* **WORK INSTRUCTIONS**
Taking the line with "If these are" as the first and the line with "As you can see, creating" as the last, set down the lines below exactly, pictures excluded.

* **DATA EXTRACT**
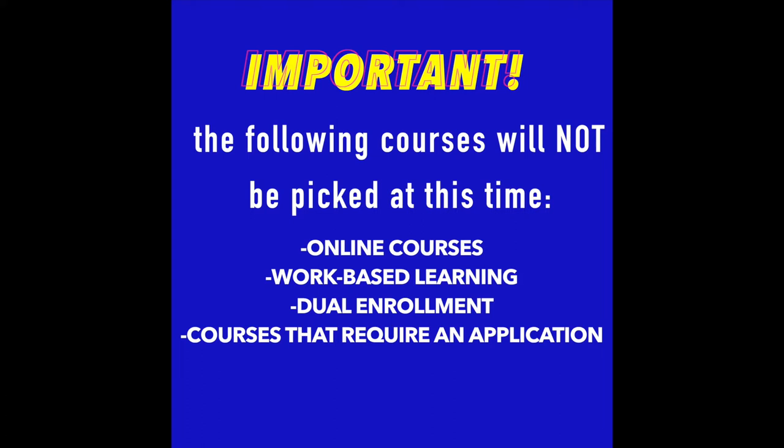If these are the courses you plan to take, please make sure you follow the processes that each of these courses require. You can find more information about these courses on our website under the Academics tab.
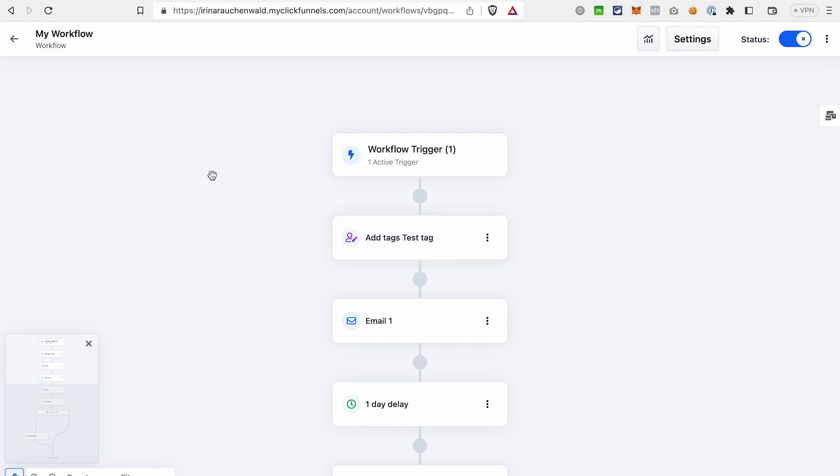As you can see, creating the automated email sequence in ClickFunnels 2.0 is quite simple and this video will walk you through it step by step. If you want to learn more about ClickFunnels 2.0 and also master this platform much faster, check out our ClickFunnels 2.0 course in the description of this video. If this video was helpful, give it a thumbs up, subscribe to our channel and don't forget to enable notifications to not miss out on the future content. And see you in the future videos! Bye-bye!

==

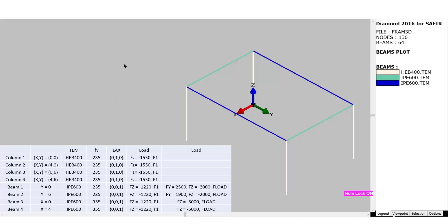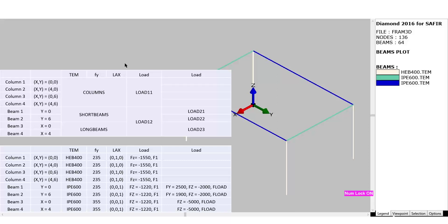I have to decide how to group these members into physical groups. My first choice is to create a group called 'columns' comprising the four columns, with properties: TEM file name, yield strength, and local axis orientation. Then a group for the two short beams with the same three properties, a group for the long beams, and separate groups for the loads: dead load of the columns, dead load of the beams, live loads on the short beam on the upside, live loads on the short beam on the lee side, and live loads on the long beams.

* **ANSWER AREA**
If these are the courses you plan to take, please make sure you follow the processes that each of these courses require. You can find more information about these courses on our website under the Academics tab.
As you can see, creating the automated email sequence in ClickFunnels 2.0 is quite simple and this video will walk you through it step by step. If you want to learn more about ClickFunnels 2.0 and also master this platform much faster, check out our ClickFunnels 2.0 course in the description of this video. If this video was helpful, give it a thumbs up, subscribe to our channel and don't forget to enable notifications to not miss out on the future content. And see you in the future videos! Bye-bye!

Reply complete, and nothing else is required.